= DATA RECORDS =
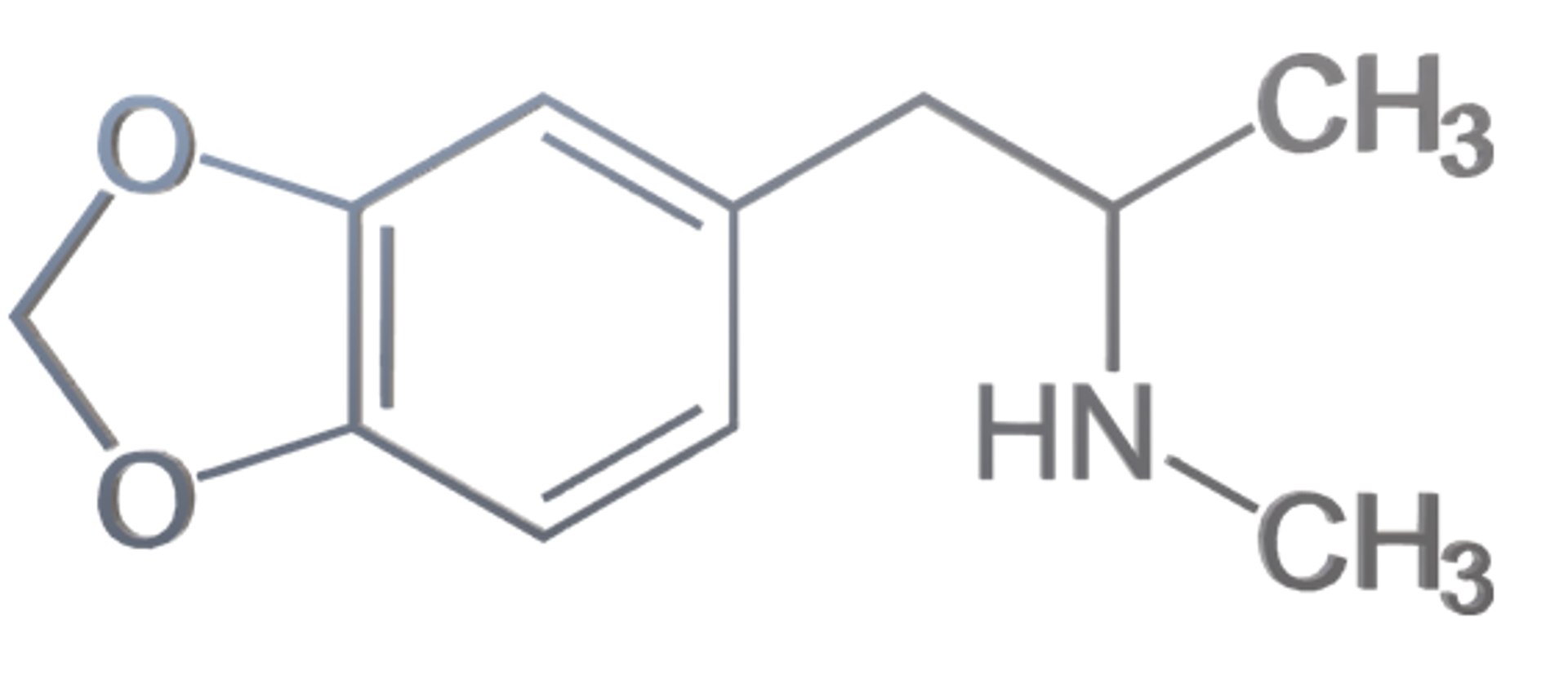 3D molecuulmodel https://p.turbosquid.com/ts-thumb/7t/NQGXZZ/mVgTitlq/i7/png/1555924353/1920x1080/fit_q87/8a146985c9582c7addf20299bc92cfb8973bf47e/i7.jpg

...

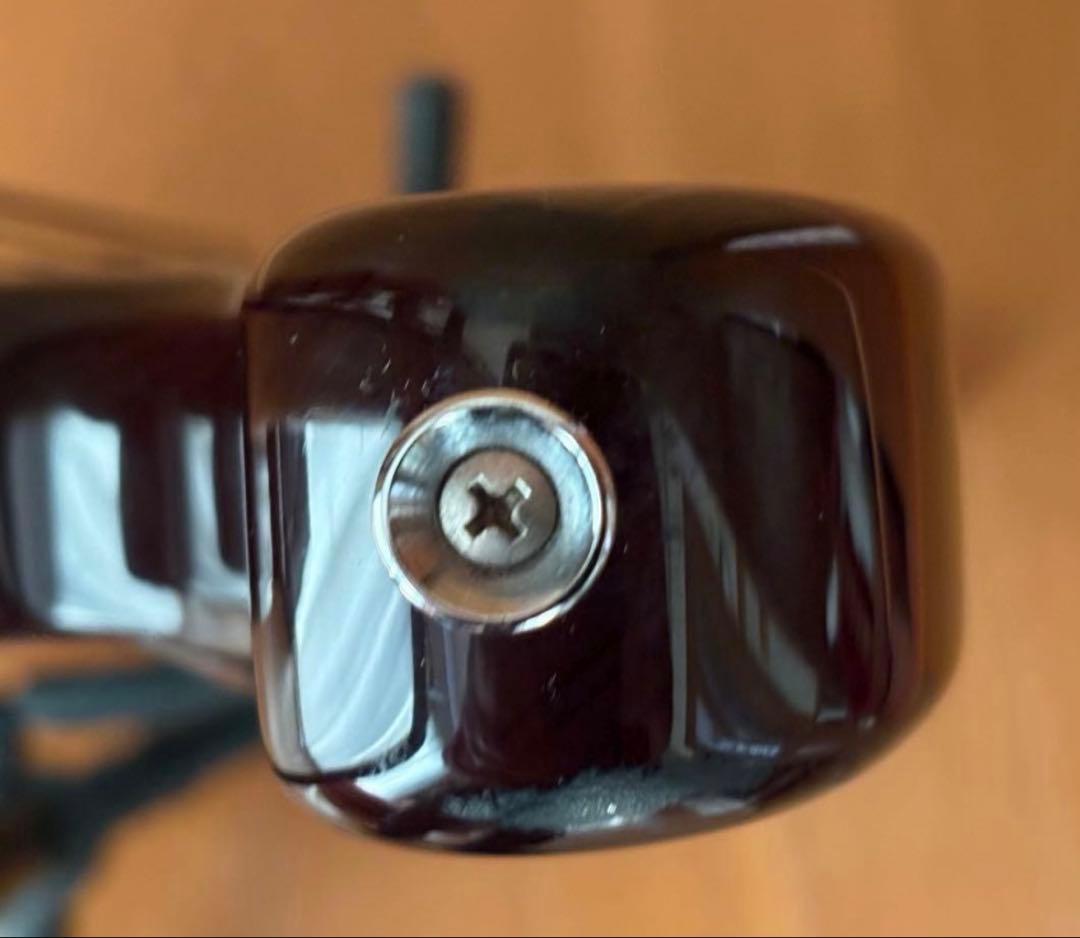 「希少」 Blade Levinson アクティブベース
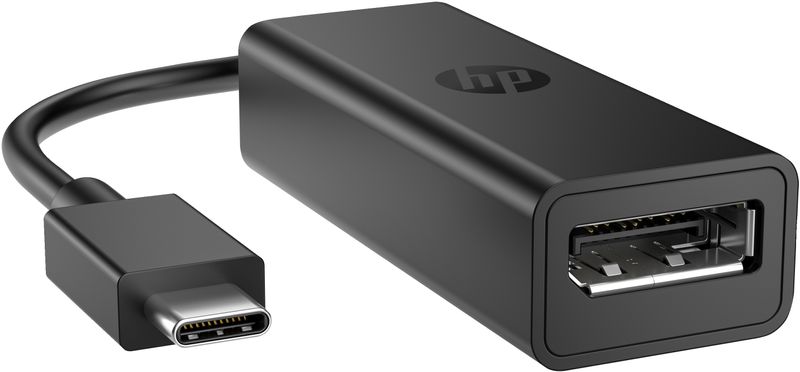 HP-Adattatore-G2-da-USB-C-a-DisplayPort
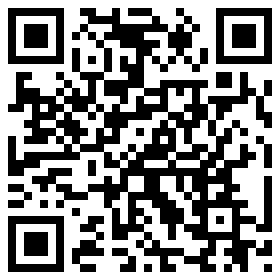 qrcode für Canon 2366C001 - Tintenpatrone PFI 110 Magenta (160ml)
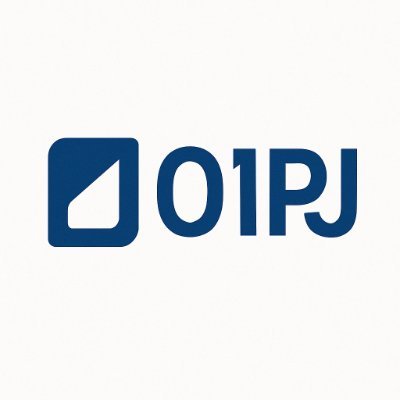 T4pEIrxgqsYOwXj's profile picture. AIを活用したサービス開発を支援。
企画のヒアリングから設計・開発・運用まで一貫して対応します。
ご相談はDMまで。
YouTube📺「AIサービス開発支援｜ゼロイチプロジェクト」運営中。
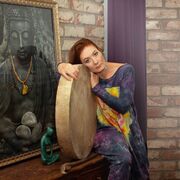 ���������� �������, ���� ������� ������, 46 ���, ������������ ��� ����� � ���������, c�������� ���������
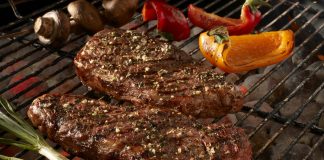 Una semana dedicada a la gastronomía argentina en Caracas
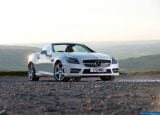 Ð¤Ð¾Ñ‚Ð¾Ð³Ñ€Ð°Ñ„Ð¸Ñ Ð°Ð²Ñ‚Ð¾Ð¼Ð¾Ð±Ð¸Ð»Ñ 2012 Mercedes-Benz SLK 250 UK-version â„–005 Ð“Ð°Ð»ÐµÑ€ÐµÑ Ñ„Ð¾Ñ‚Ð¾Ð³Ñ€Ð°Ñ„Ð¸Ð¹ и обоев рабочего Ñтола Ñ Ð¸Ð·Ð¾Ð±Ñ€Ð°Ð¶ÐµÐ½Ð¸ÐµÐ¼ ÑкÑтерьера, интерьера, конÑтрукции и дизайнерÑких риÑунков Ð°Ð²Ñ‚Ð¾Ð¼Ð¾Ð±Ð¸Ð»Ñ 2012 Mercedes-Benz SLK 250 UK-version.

---

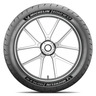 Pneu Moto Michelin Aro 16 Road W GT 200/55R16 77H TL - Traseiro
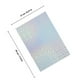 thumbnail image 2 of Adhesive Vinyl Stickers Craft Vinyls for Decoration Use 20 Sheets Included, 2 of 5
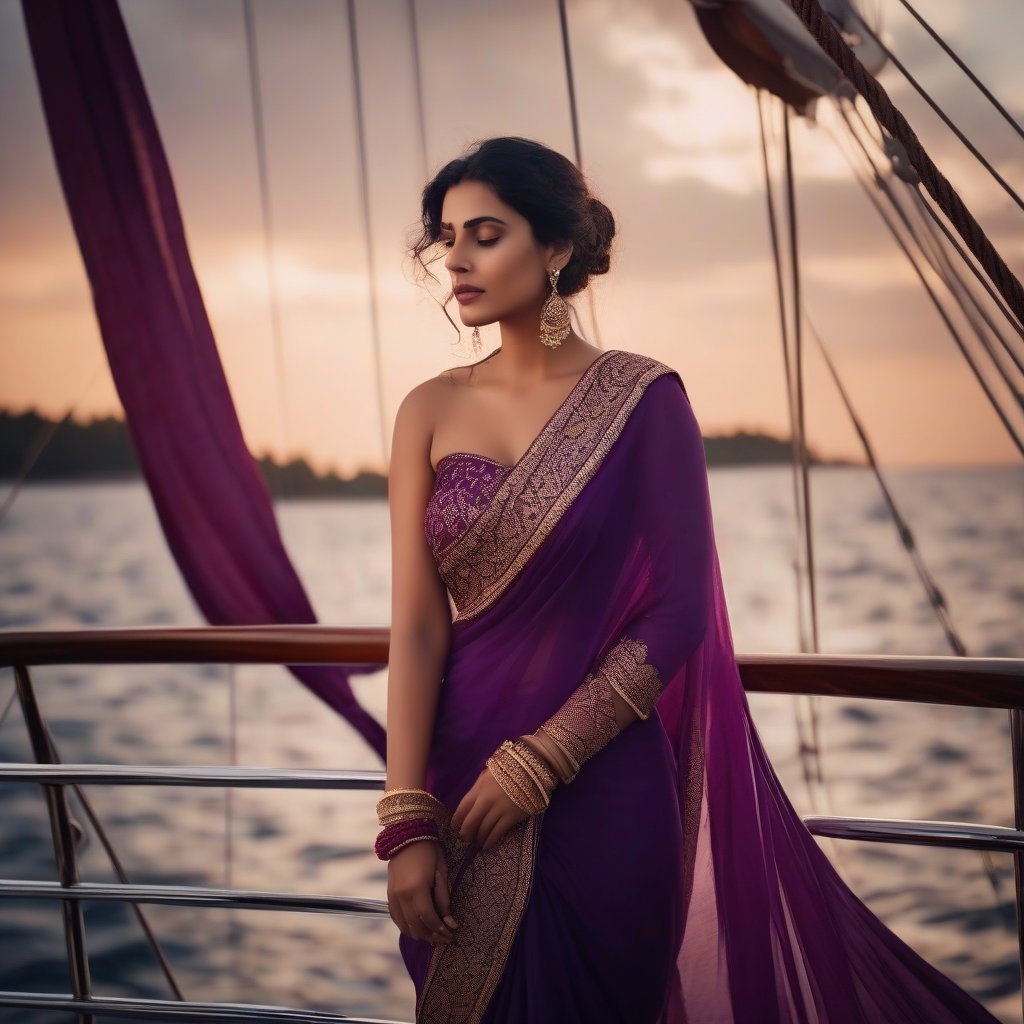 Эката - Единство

= TASK PROMPT =
Transcribe exactly the lines above, beginning at the one with "Blade Levinson アクティブベース" and going up to and including the one with "SLK 250 UK-version.". Pictures do not belong in the copy.

= SOLUTION =
 「希少」 Blade Levinson アクティブベース
 HP-Adattatore-G2-da-USB-C-a-DisplayPort
 qrcode für Canon 2366C001 - Tintenpatrone PFI 110 Magenta (160ml)
 T4pEIrxgqsYOwXj's profile picture. AIを活用したサービス開発を支援。
企画のヒアリングから設計・開発・運用まで一貫して対応します。
ご相談はDMまで。
YouTube📺「AIサービス開発支援｜ゼロイチプロジェクト」運営中。
 ���������� �������, ���� ������� ������, 46 ���, ������������ ��� ����� � ���������, c�������� ���������
 Una semana dedicada a la gastronomía argentina en Caracas
 Ð¤Ð¾Ñ‚Ð¾Ð³Ñ€Ð°Ñ„Ð¸Ñ Ð°Ð²Ñ‚Ð¾Ð¼Ð¾Ð±Ð¸Ð»Ñ 2012 Mercedes-Benz SLK 250 UK-version â„–005 Ð“Ð°Ð»ÐµÑ€ÐµÑ Ñ„Ð¾Ñ‚Ð¾Ð³Ñ€Ð°Ñ„Ð¸Ð¹ и обоев рабочего Ñтола Ñ Ð¸Ð·Ð¾Ð±Ñ€Ð°Ð¶ÐµÐ½Ð¸ÐµÐ¼ ÑкÑтерьера, интерьера, конÑтрукции и дизайнерÑких риÑунков Ð°Ð²Ñ‚Ð¾Ð¼Ð¾Ð±Ð¸Ð»Ñ 2012 Mercedes-Benz SLK 250 UK-version.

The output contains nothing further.